-------- Exercise data --------
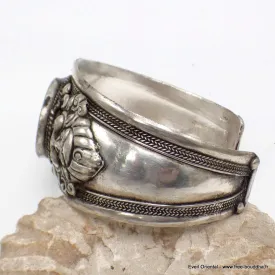 Bracelet tibétain bouddhiste  imposant OM lapis lazuli - Bracelets tibétains bouddhistes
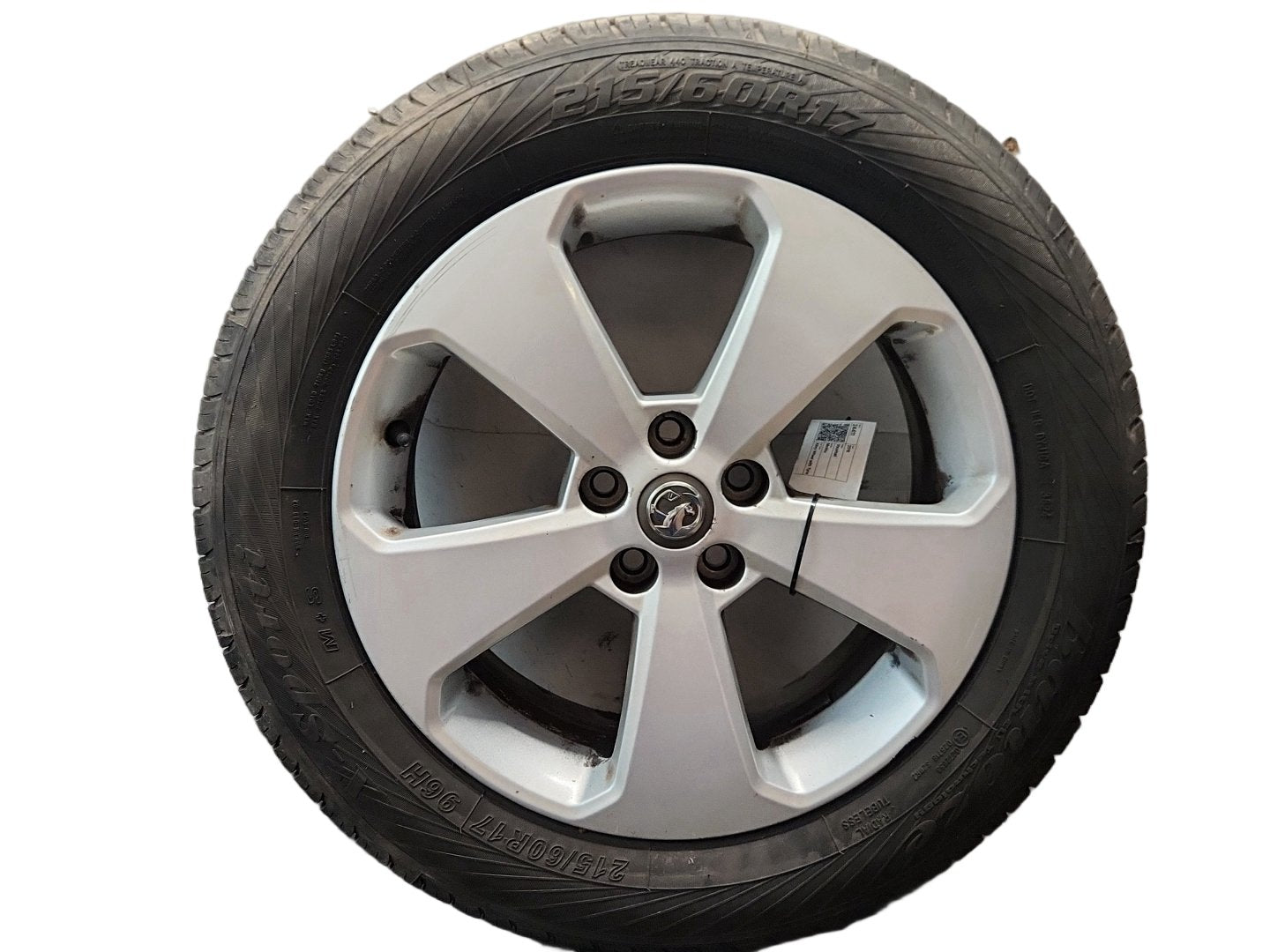 Vauxhall Mokka MK1 (G1U0) 17" Alloy Wheel with Tyre 215/60/17 ~5mm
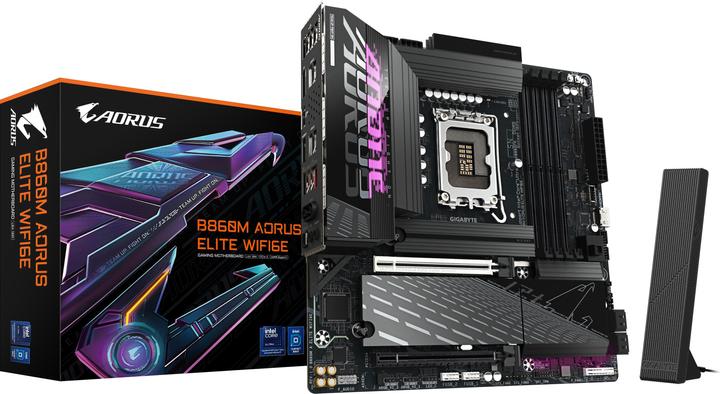 Produktbild Gigabyte B860M AORUS ELITE WIFI6E (LGA 1851, Intel B860, mATX)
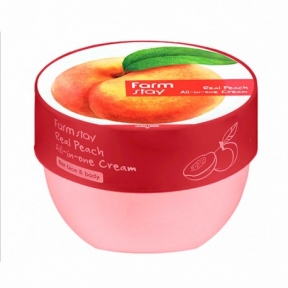 Крем для лица и тела с экстрактом персика FarmStay Real Peach All-In-One Cream 300ml 
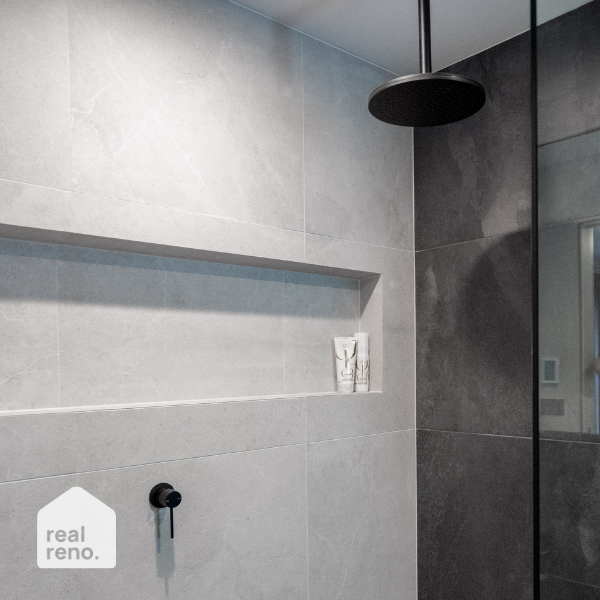 Phoenix NX Quil Shower Rose - Matte Black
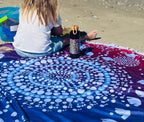 Winters New Moon 150cm Round Beach Towel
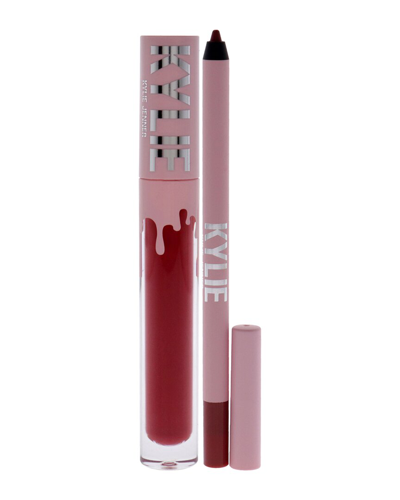 Kylie Cosmetics 401 Victoria 2pc Matte Lip Kit In White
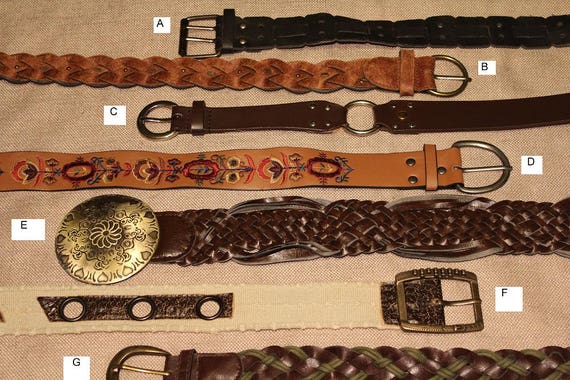 Women's Fashion Belts ~ Leather ~ Braided ~ Adjus… - image 2
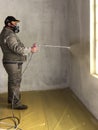 Airless paint spray method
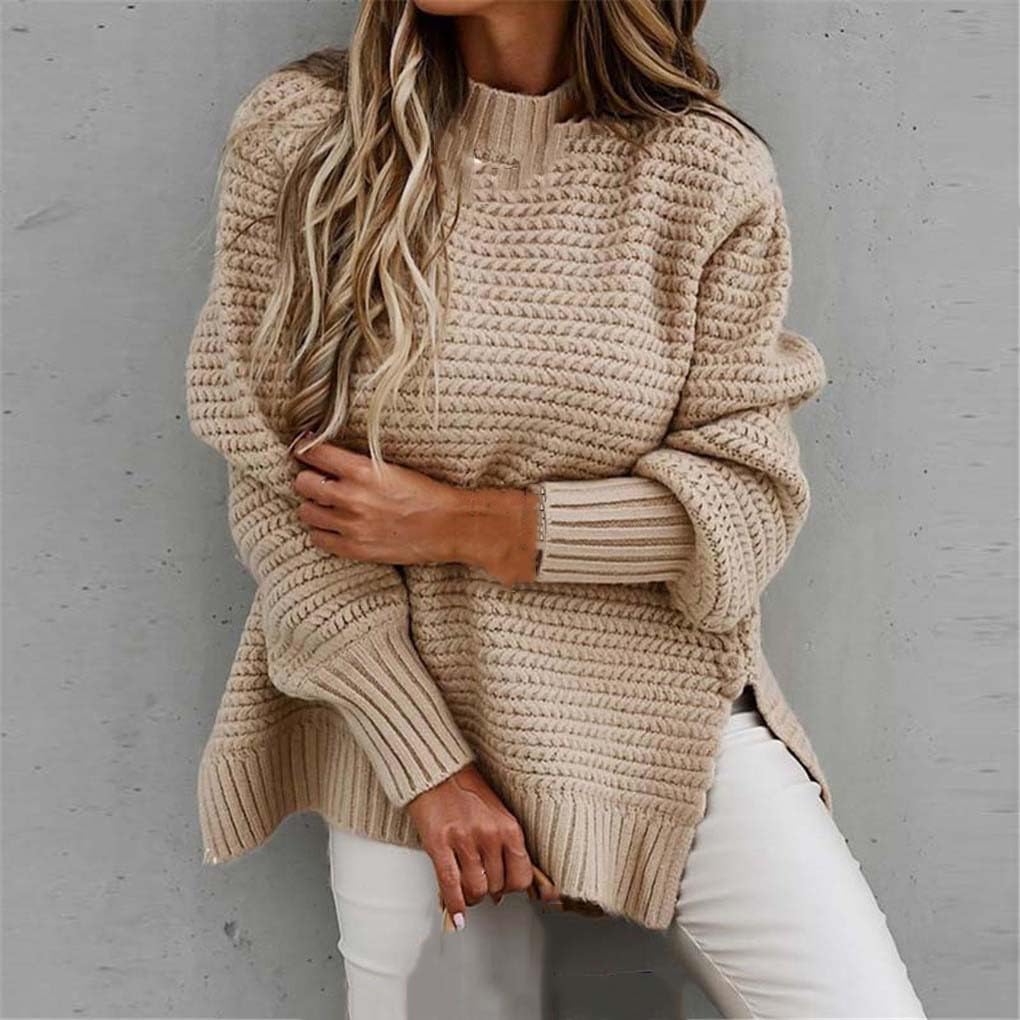 Jesienny sweter z dzianiny damski sweter swetry damskie luźne swetry dla kobiet dzianina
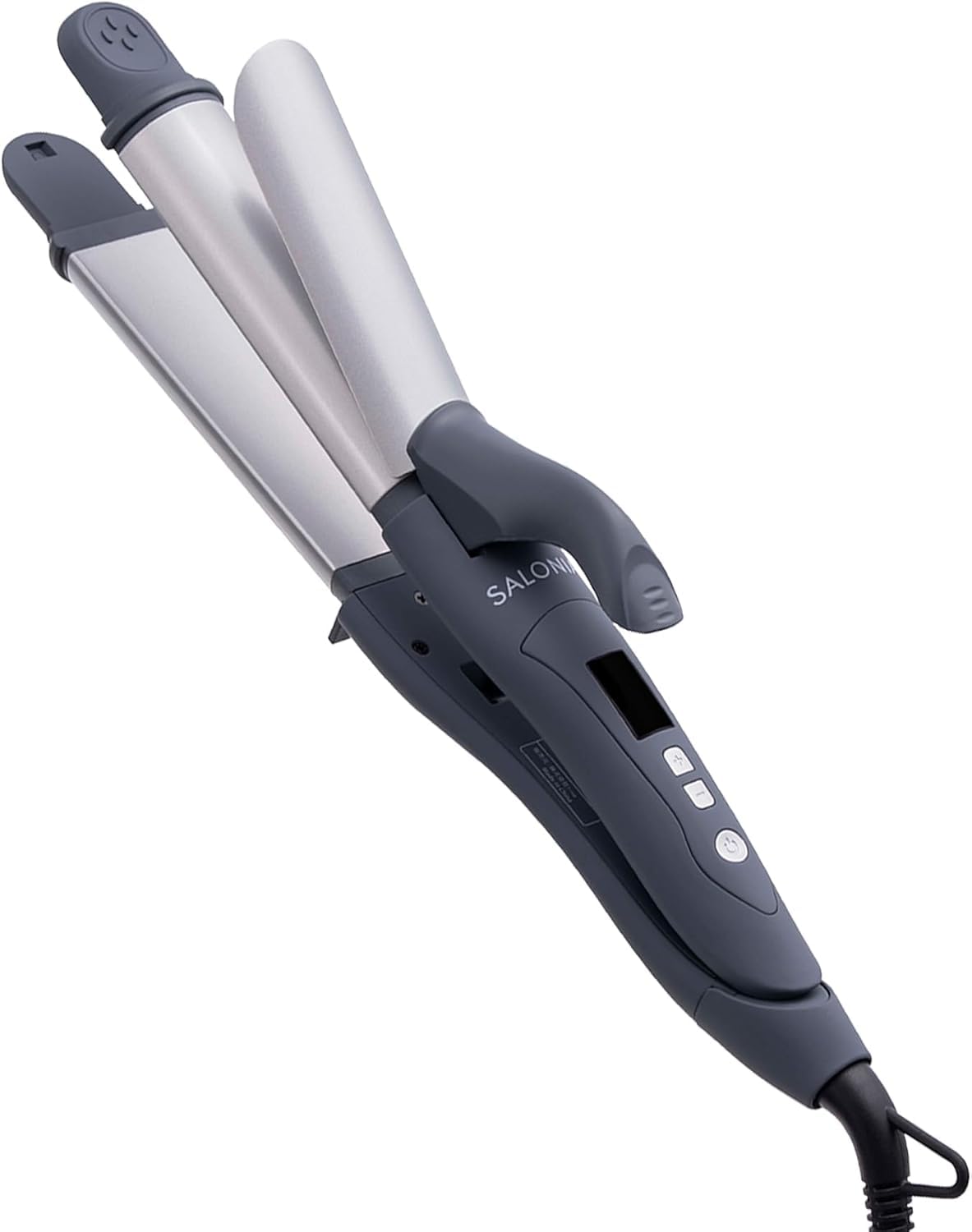 SALONIA 2WAY Straight Curl Hair Iron 32mm SL-002AGR Gray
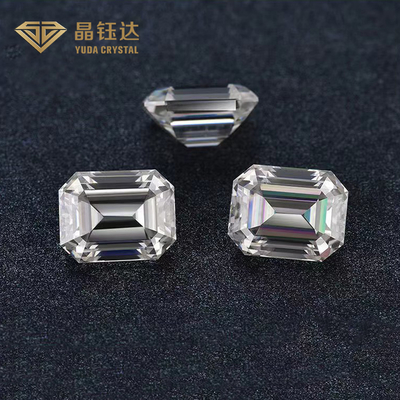 1ct-3ct HPHT Esmeralda cortada suelta Diamantes cultivados en laboratorio con certificado IGI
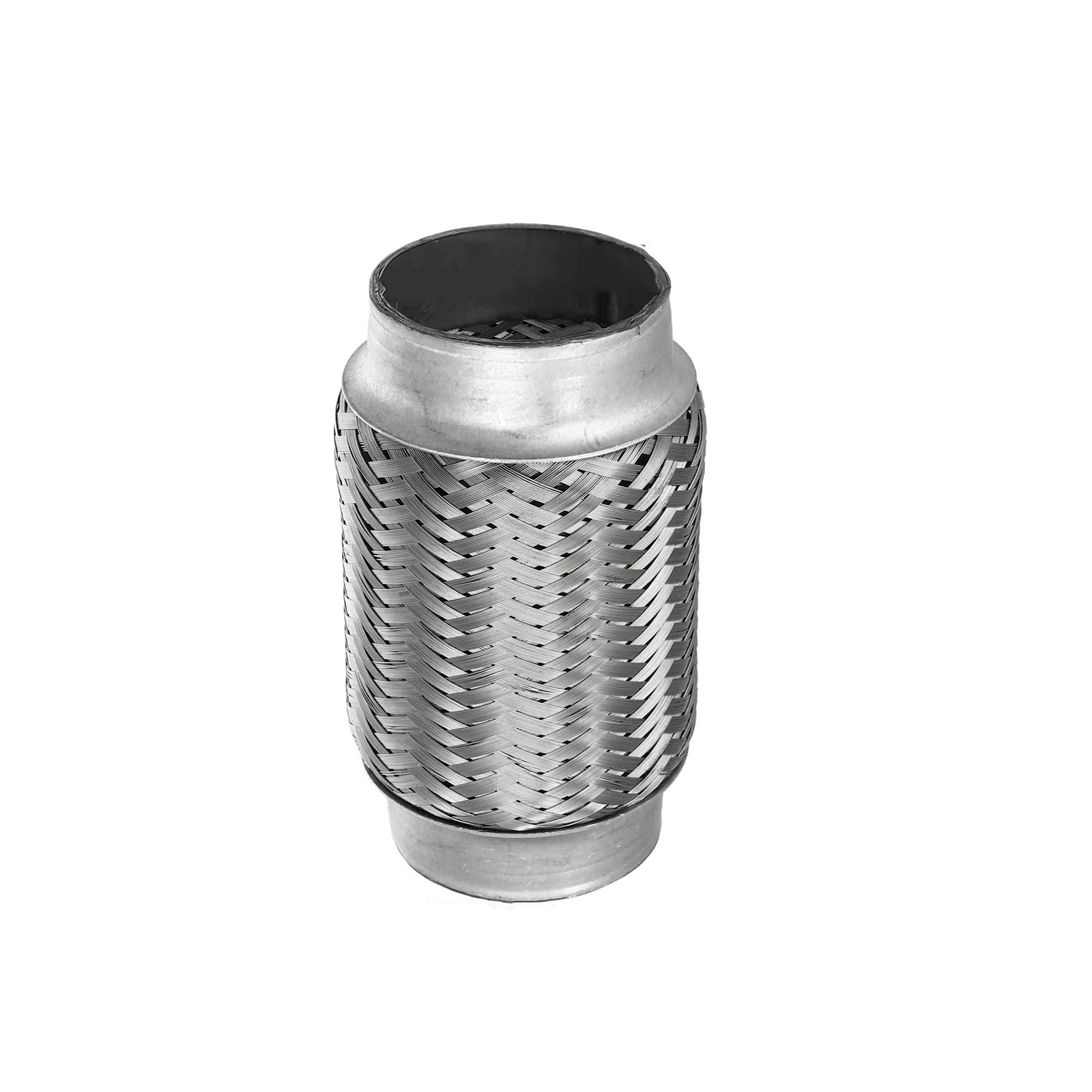 Tłumiki samochodowe 51x55x252mm 51x57x150mm 58x63x250mm rura wydechowa samochodu teleskopowa elastyczna złącze rury tłumika ze stali nierdzewnej(Gold)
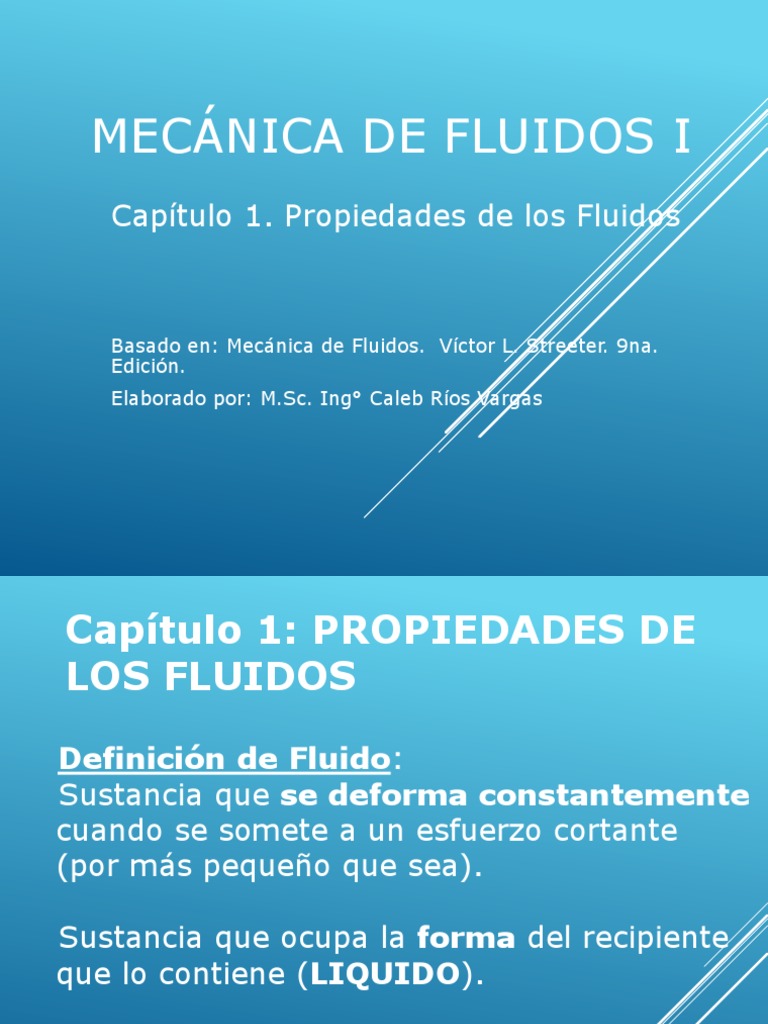 Propiedades de Fluidos en Mecánica | PDF | Viscosidad | Gases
--------
Keep the pictures out of the copy and return the rest of the data above exactly.

 Bracelet tibétain bouddhiste  imposant OM lapis lazuli - Bracelets tibétains bouddhistes
 Vauxhall Mokka MK1 (G1U0) 17" Alloy Wheel with Tyre 215/60/17 ~5mm
 Produktbild Gigabyte B860M AORUS ELITE WIFI6E (LGA 1851, Intel B860, mATX)
 Крем для лица и тела с экстрактом персика FarmStay Real Peach All-In-One Cream 300ml 
 Phoenix NX Quil Shower Rose - Matte Black
 Winters New Moon 150cm Round Beach Towel
 Kylie Cosmetics 401 Victoria 2pc Matte Lip Kit In White
 Women's Fashion Belts ~ Leather ~ Braided ~ Adjus… - image 2
 Airless paint spray method
 Jesienny sweter z dzianiny damski sweter swetry damskie luźne swetry dla kobiet dzianina
 SALONIA 2WAY Straight Curl Hair Iron 32mm SL-002AGR Gray
 1ct-3ct HPHT Esmeralda cortada suelta Diamantes cultivados en laboratorio con certificado IGI
 Tłumiki samochodowe 51x55x252mm 51x57x150mm 58x63x250mm rura wydechowa samochodu teleskopowa elastyczna złącze rury tłumika ze stali nierdzewnej(Gold)
 Propiedades de Fluidos en Mecánica | PDF | Viscosidad | Gases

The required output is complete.